I am now 9 years & 2 months past my "da Vinci" assisted laparoscopic surgery that was performed in 2007. The annual-only PSA test taken every year since 2009 has been analyzed by a different lab from time to time, with one particular lab even giving results to 4 places to the right of the decimal; but in no case has the number ever been higher than .014, and with no discernible trend in any direction relative to time. There continues to be virtually no sign of incontinence; and as for the other "i-word", I consider myself fairly typical of any 74-year-old without particular regard to medical history. I work out for about an hour 3 days a week, and after being in full retirement for 6 years began doing 20 hours-per-week of part-time work 6 months ago. The work involves a lot of walking, giving added physical exercise.

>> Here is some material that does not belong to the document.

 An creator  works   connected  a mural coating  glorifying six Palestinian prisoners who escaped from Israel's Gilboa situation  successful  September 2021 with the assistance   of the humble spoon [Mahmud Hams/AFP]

Apart from a minor history of a couple of basal cell skin spots, I have no other significant medical challenges and feel very blessed. Finally, I should mention that my surgeon (Dr. John Munoz) advised that my 10-year anniversary checkup in 2017--absent any surprises--will be my last; and that no more PSA tests or checkups will be needed(!).


November 2017

Alex Covell here. My update is as follows after the passing of my 10-year post-surgery anniversary in July. True to his word, my surgeon/urologist - the estimable Dr. John Muñoz - told me on my final routine checkup in June that there was no need to continue our annual visit going forward. As for further PSA testing, I can choose to continue to do so or not do so (my option).

The only "hiccup" - if it can be called that - was consequent of a recent change in lab test service provider mandated by my health care insurance; said lab being only capable of calculating the PSA to the nearest first place to the right of the decimal point. That result of 0.1 ng/ml was the first one I ever had that did not have a "0" to the right of the decimal. After protesting to the insurance carrier, I was allowed to retake the test with the lab I had used for the previous 4 tests, and that result was 0.012 ng/ml. Crisis over. Accordingly, I would obviously recommend to all others requiring post-treatment tests to find a lab capable of 3-places-to-the right accuracy; because that type of accuracy matters in our circumstances.

Otherwise, and comparatively, life is good for a 75-year-old. I'm going to need cataract surgery in the near future, but I still work out at the gym (nominally) 3 days a week; but because of a series of four falls over a three-month period about a year ago (without fractures, thankfully), I had to abandon riding my bicycle and taking the annual 200-mile cycling trip with a group of my contemporaries. Unfortunately for our group there are others with health challenges that appear to have cancelled the event entirely.